Are You the Typical - Insane - Writer?
Yesterday, I ventured alone the long drive from my home in Eagle Mountain, UT (N-Central Utah) to my Grand's house in St George (On the NV border), with my two younglings in tow (Evie, 3 + Remington, 6 months). A miracle occurred about a quarter of the way there when they both fell asleep at the same time. I turned off the radio and overhead DVD player that was looping "Tangled" and listened to the hum of the road and the air as it passed the sub-par sealant on the driver's door. It was glorious!
I started to think about ABNA (Amazon's Breakthrough Novel Award) which I had entered my novel in the day the contest opened.
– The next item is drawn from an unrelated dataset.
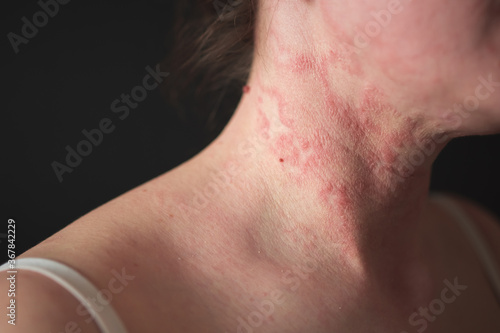 the girl has dermatitis on the neck on a black background photo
The people I have met there are extraordinary and even when I'm not actively participating the forums, I love to lurk and read their hopes, fears, witty banter, and ravenous editing of eachother's prose. After a while of creeping through the threads, I began to feel that the snippets of insight I was granted into the writer's psyche presented a much larger theme that we all seemed to share. Carl Jung should have studied the collective subconscious of writer's minds because it is so fascinating!
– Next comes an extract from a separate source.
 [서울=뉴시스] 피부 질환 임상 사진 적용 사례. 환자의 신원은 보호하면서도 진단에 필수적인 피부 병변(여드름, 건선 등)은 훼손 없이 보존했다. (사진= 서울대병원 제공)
As I drove through the high desert covered in snow, I began to explore the concept of writers and self-deprecation. ABNA has taught me that a VERY high percentage of authors are extremely self-deprecating when it comes to their writing, ability, and future of writing. Here are some of the types of things said on the ABNA boards.
- "I am a fraud."
- "My writing is embarrassingly poor compared to everyone else here."
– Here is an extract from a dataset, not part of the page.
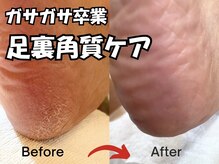 プラスワン(+1)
- "I deserve to be rejected."
- "I don't know if I will ever be good enough."
- "You can't force talent and I'm not sure I have it."
These sentiments oozed from the conversations I read. Maybe some of these writers were trying to be modest, but I feel that most of them are sincere because I know I have thought many of the same things.
I started to wonder why writers were so prone to this! Is this healthy or even needed? Do we need this to be moldable or do we make ourselves TOO moldable to suit other's tastes? I once heard an anecdote about raising children. The gist of it was, raising a child with the belief that they are exceptional will cultivate complacency not success. While raising a child with belief that they can always be better will ensure exceptionalism. Are we writers simply taking ourselves to the back of the woodshed and giving ourselves a good beating to spurn us to do better or are we abusing ourselves and our craft?
I came across several articles today when I was doing a bit of reading on self-deprecation as it applies to writers. The article argues that a survey conducted found that writers are at greater risk for depression and suicide.
A NY Times article expounded,
"It is not surprising that these mood disorders seem most at home in the artistic mind. "The cognitive style of manic-depression overlaps with the creative temperament," Ms. Jamison said. Researchers have found that in a mildly manic state, subjects think more quickly, fluidly and originally. In a depressed state, subjects are self-critical and obsessive, an ideal frame of mind for revision and editing. "When we think of creative writers," Ms. Jamison said, "we think of boldness, sensitivity, restlessness, discontent; this is the manic-depressive temperament."